Bulk import¶

Two paths for loading many vectors:

Client-side importers — Python reads the file, streams over gRPC. Good for most workloads up to a few million rows.
Server-side bulk import — the server reads directly from S3/MinIO. 3–5× faster for billion-scale loads.

Client-side importers¶

Install extras¶

pip install gvdb[import]       # Parquet, NumPy, Pandas, tqdm
pip install gvdb[import-all]   # plus AnnData + polars

Extra	Deps
`gvdb[parquet]`	pyarrow
`gvdb[numpy]`	numpy
`gvdb[pandas]`	pandas, pyarrow
`gvdb[h5ad]`	anndata, numpy
`gvdb[progress]`	tqdm

Shared parameters¶

Every import_* helper accepts these kwargs:

Arg	Default	Description
`batch_size`	`10_000`	Rows per insert RPC
`mode`	`"upsert"`	`"upsert"` (idempotent, safe to re-run) or `"stream_insert"` (faster)
`metric`	`"cosine"`	Distance metric when auto-creating the collection
`index_type`	`"auto"`	Index type when auto-creating the collection
`max_retries`	`3`	Retries per batch on transient errors
`show_progress`	`True`	tqdm progress bar (requires `gvdb[progress]`)

NumPy¶

import numpy as np
from gvdb import GVDBClient

client = GVDBClient("localhost:50051")

vectors = np.random.rand(100_000, 768).astype(np.float32)
result = client.import_numpy(
    vectors,
    "embeddings",
    ids=None,                       # None → sequential IDs starting from 0
    metadata=None,
    batch_size=10_000,
)
print(result)
# ImportResult(total=100000, batches=10, failed=0, elapsed=12.3s, ...)

Parquet¶

Expected schema: id (int), vector (list), plus any metadata columns.

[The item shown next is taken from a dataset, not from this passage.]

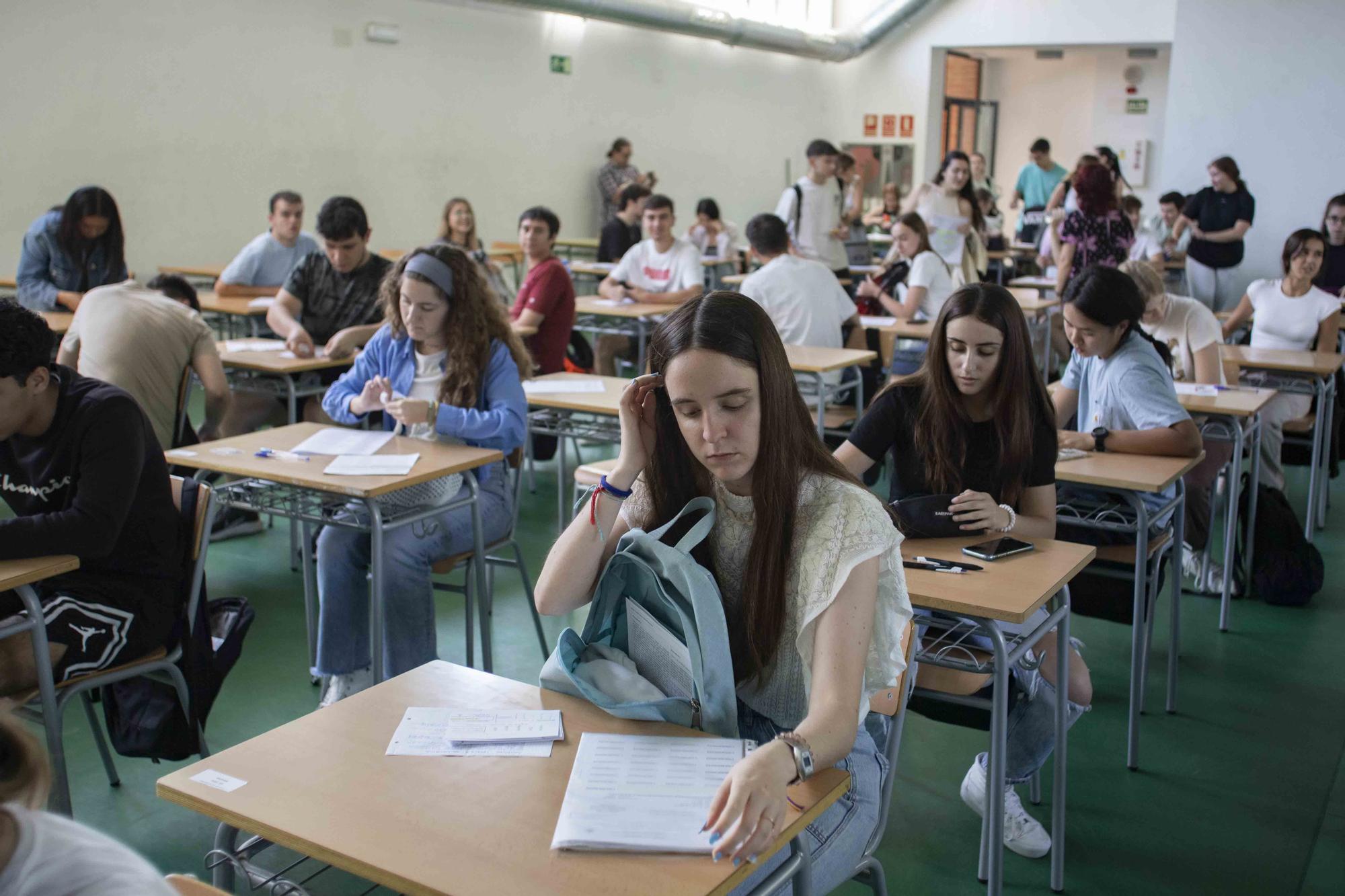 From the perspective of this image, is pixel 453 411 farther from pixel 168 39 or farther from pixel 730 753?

result = client.import_parquet(
    "vectors.parquet",
    "embeddings",
    vector_column="vector",
    id_column="id",
)

Pandas / Polars DataFrame¶

import pandas as pd

df = pd.DataFrame({
    "id": range(1000),
    "vector": [[...] for _ in range(1000)],
    "category": [...],
    "price": [...],
})

result = client.import_dataframe(
    df,
    "products",
    vector_column="vector",
    id_column="id",
)

Non-vector, non-id columns become per-vector metadata (scalars only: int, float, str, bool).

CSV¶

Two vector encodings are auto-detected:

# 1. JSON array in a single column: "[0.1, 0.2, 0.3]"
result = client.import_csv("data.csv", "embeddings", vector_column="vector", id_column="id")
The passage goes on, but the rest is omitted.